Musa al-Gharbi writing for Compact Magazine proclaims Woke-ism Is Winding Down. I think the author erroneously downplays or misdiagnoses the problem.
Data on media outputs and “cancel-culture” incidents also suggest that a corner may have been turned. Across a range of datasets, we see apparent declines in “grassroots” attempts to censor uncomfortable speech on campus (even as there are growing attempts to suppress political scholarship from external stakeholders). Media discussion of various forms of prejudice and discrimination also seem to have declined significantly over the last year.
These people live in a bubble of their own making in which popular opinion is irrelevant. The woke do not need to see the huge number of downvotes on their content to know that their ideology is not that popular, but this does not dissuade them. I think YouTube CEO Susan Wojcicki’s video, in which she awarded herself the ironically-titled ‘The Freedom of Expression Award’ in 2021 has the record for the highest ratio of downvotes (16 upvotes and 6,300 downvotes), which coincides when YouTube removed visible downvotes. [This also coincides with when, I believe, YouTube made some major overhauls that may have reversed at least some of the woke bias seen earlier, to be discussed in a forthcoming post, so it’s not entirely hopeless. ]
As said before, the woke tend to be decentralized, and include:
–Low-ranking journalists, usually unpaid contributors to tiny publications, although it includes larger publications like writers for Vice or Rolling Stone.
–Assistant professors at low-ranking colleges, adjuncts.
–Anonymous Twitter trolls
–Low-ranking BLM and social-justice activists
Individually, they do not have much power and cannot do much. It’s not like an anonymous heckler in J.K. Rowling’s Twitter comments who has 10 followers can get anyone cancelled or de-platformed. They do have power if they collectively gang up on a target, and are able to get the attention of the NYTs, Rolling Stone, or Vice to write a hit piece about the individual or organization in the hope of getting it canceled. Emailing employers works, but this also requires some coordination.

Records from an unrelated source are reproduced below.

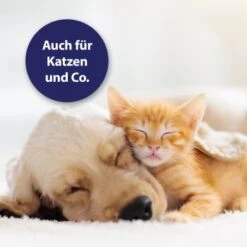 Canosept Wundgel Für Hunde 20 Ml -Hundebedarfsgeschäft 5d4c199a49c693b9c380251c996bb904b5343365 1373080 de DE 250659 Canosept Wundgel Faltschachtel Tube DE 1600px 300dpi Contentbild01 4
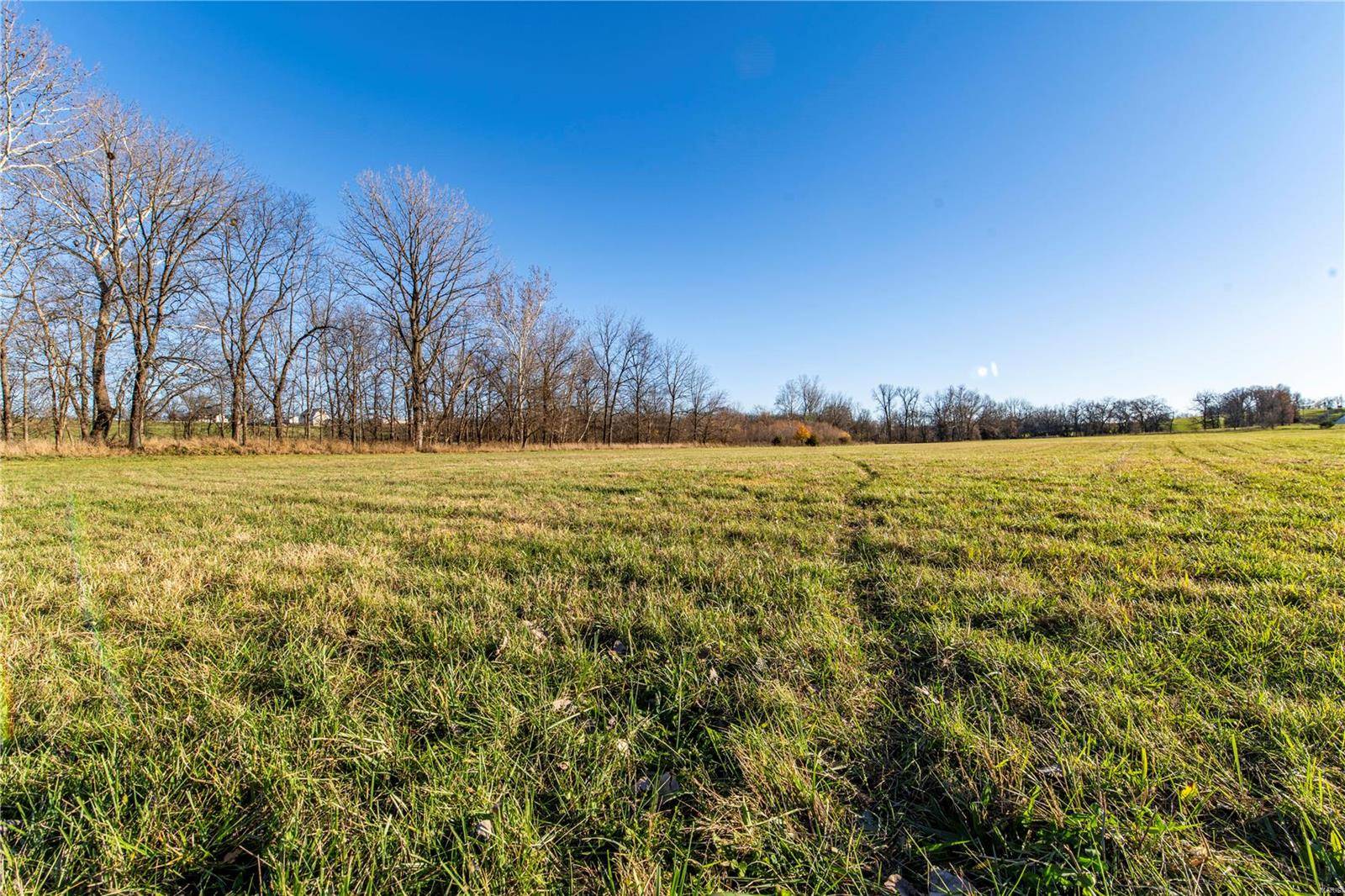 Bowling Green, MO 63334,0 Pike Co. Rd. 318 (20+/- Acres)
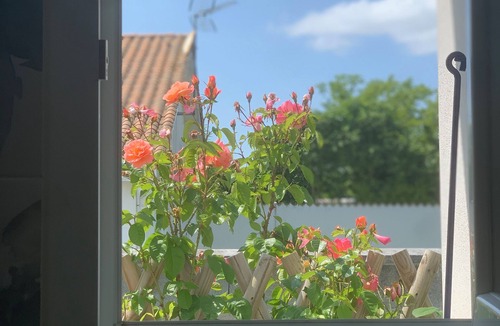 Le Chateau-d'Oleron House | La Casa de Babou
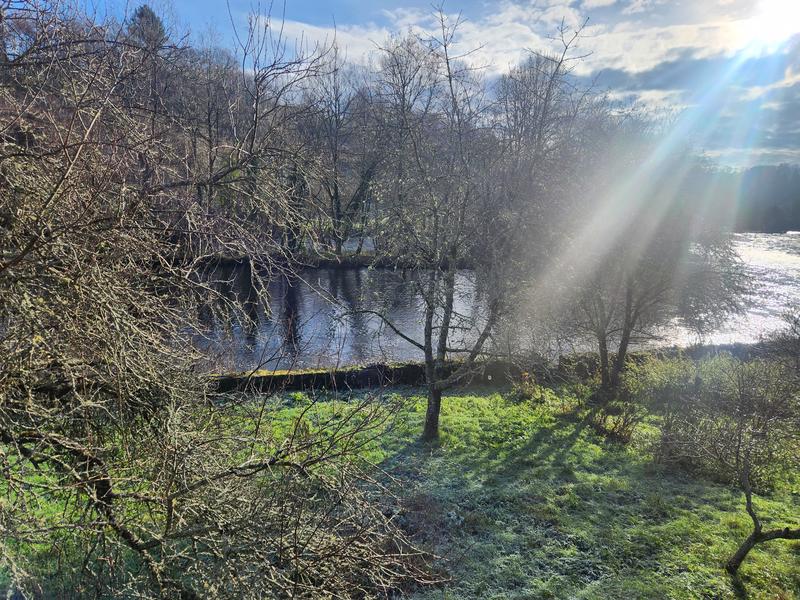 Propriété - 260 m² - 11 pièces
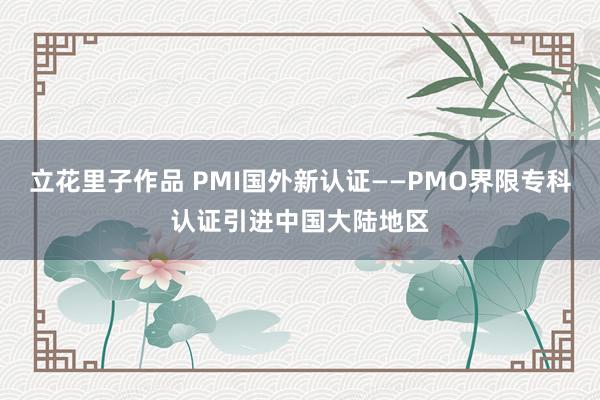 立花里子作品 PMI国外新认证——PMO界限专科认证引进中国大陆地区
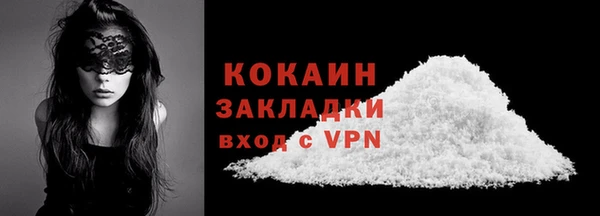 индика Бородино
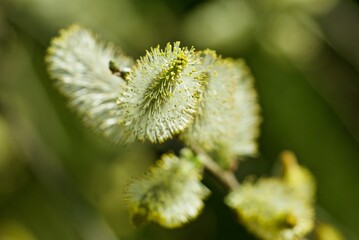 Closeup of goat willow twig with male catkins against green background in spring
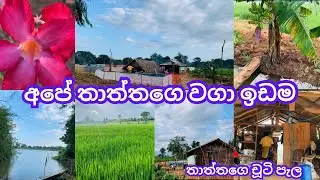 අපේ තාත්තගේ වගා ඉඩම බලමුද?🌾| My father's plantation land 🍃#villagelife #simplelife #plantation 
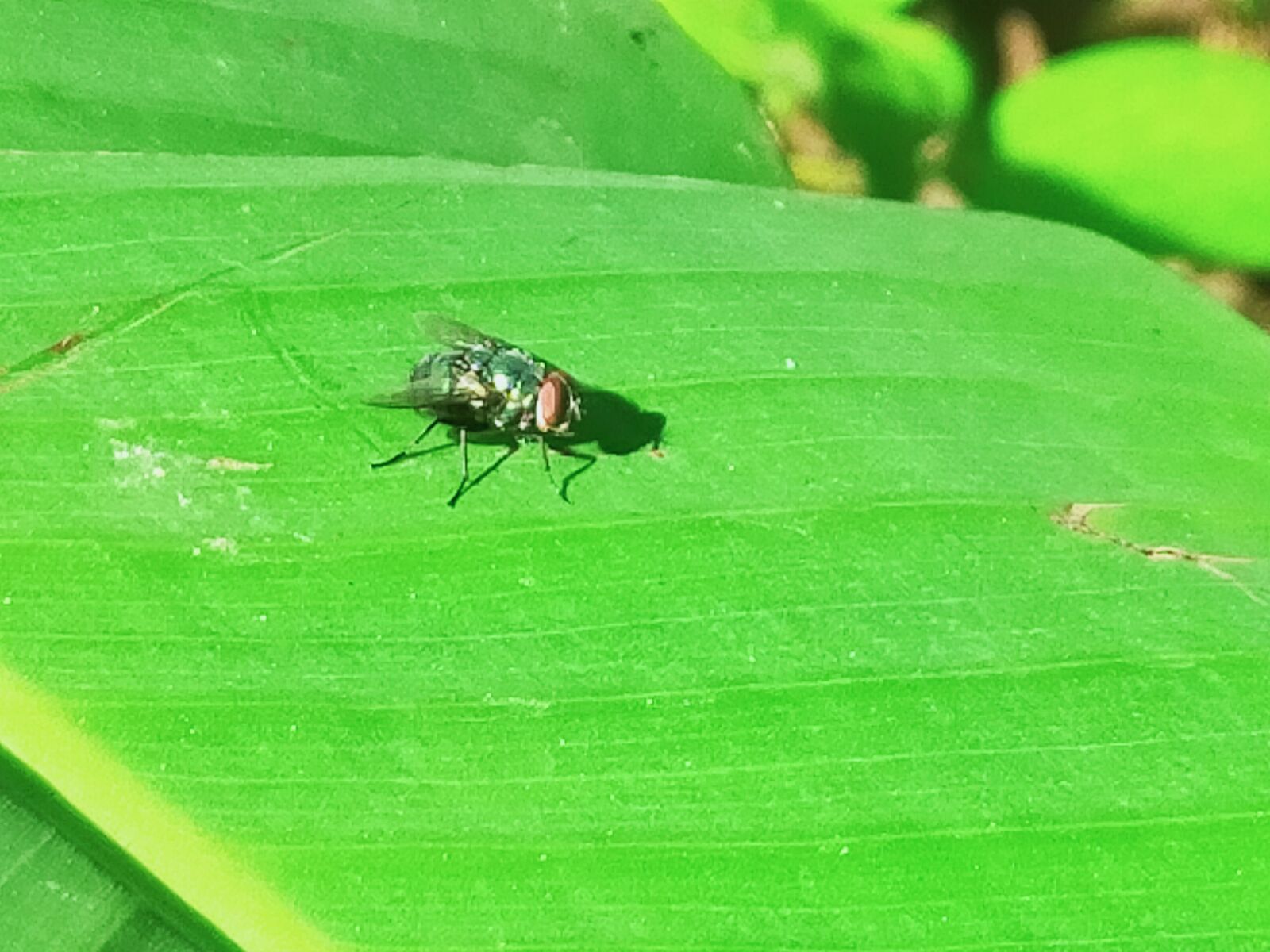 OPPO A9 2020 sample photo. Flies, bright green, leaf photography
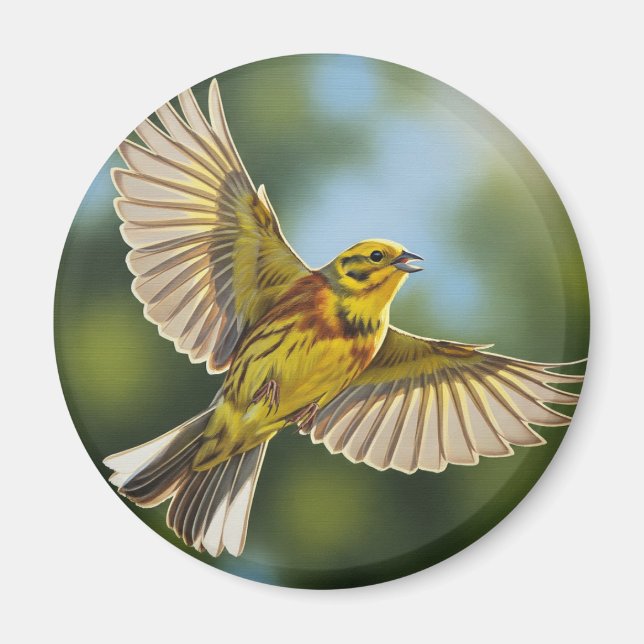 Alabama State Bird Yellowhammer Magnet (Framsidan)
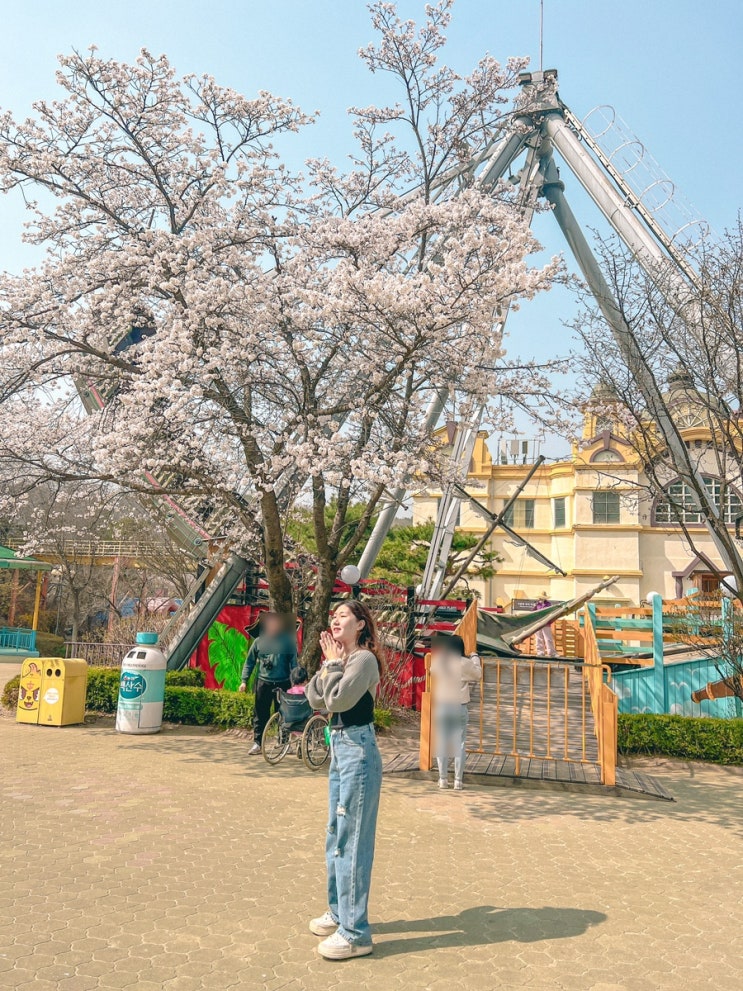 용인 한국민속촌 입장료 및 놀이기구, 벚꽃명소
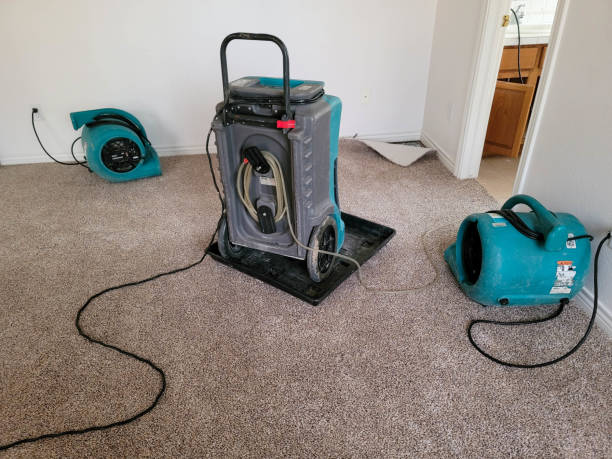Best Water damage restoration near me  in Mabank, TX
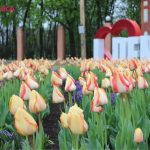 Для маркування Прямокутник 32 copy copy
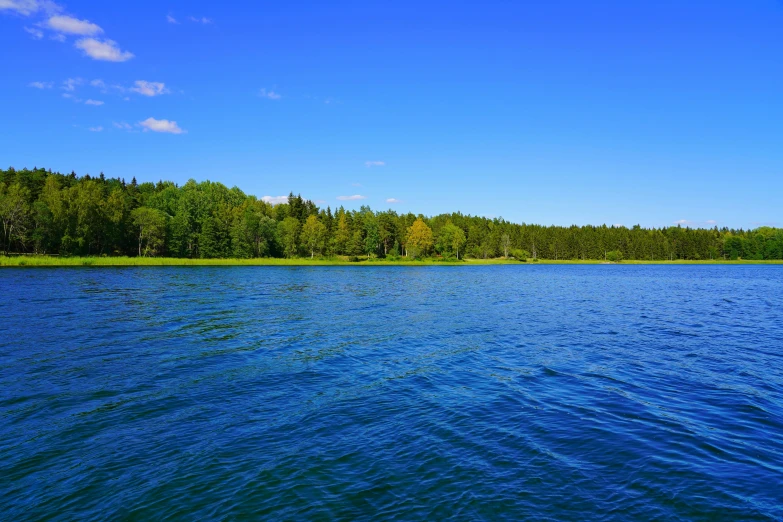 the blue water of a lake with a wooded area behind it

The bigger problem are the ‘servants of the ruling ideology’. These people are not woke per say. They are not activists, but rather see themselves as do-gooders for social justice. Individually, unlike the woke, they hold a lot of power, especially gatekeeping. They include:
–Employers, managers
–Media executives
–Social media moderators, including unpaid Reddit moderators, but also admins. Same for YouTube, Facebook, etc.
–Risk compliance departments
–‘Trust and safety’ departments. These people decide what constitutes ‘hate speech’, ‘misinformation’, or ‘inciting violence’.
–HR departments
Center-right pundits focus mostly on wokeness in the context of academia or school, but the private sector is bigger and probably equally bad, but in different ways (the ‘Twitter files’ probably just scratched the surface and is demonstrative of how corrupt and compromised the private sector is, even as bad as academia is). It’s huge news when professors get fired or demoted for politically or ideologically motivated reasons, but when this happens in the private sector, it tends to be much less newsworthy. This has never made much sense to me. Many of the same people who support at-will employment in the context of the private sector, this does not apply to academia or education, which has always struck me as sorta hypocritical or self-serving. For most people, academia is just 2-6 years of their lives, and 2/3 of American adults don’t have a degree at all. Including school, we’re talking maybe 25% of one’s life. After that, the remaining time is spent dealing with the so-called ‘real world’. So for most people, statistically speaking, the consequences of wokeness are going to be experienced in a non-academic setting, such as on social media or at work.
Sure, Netflix may have refused to capitulate to the mobs regarding Dave Chapelle; same for Spotify and Joe Rogan, but most workers are disposable. Cancelling large targets always incurs the risk of backlash and defection to competing platforms, which is why it tends to be done sparingly and not without deliberation, but smaller individuals tend to get no coverage when they are fired or banned from platforms.
Only one thing to remember: NEVER APOLOGIZE.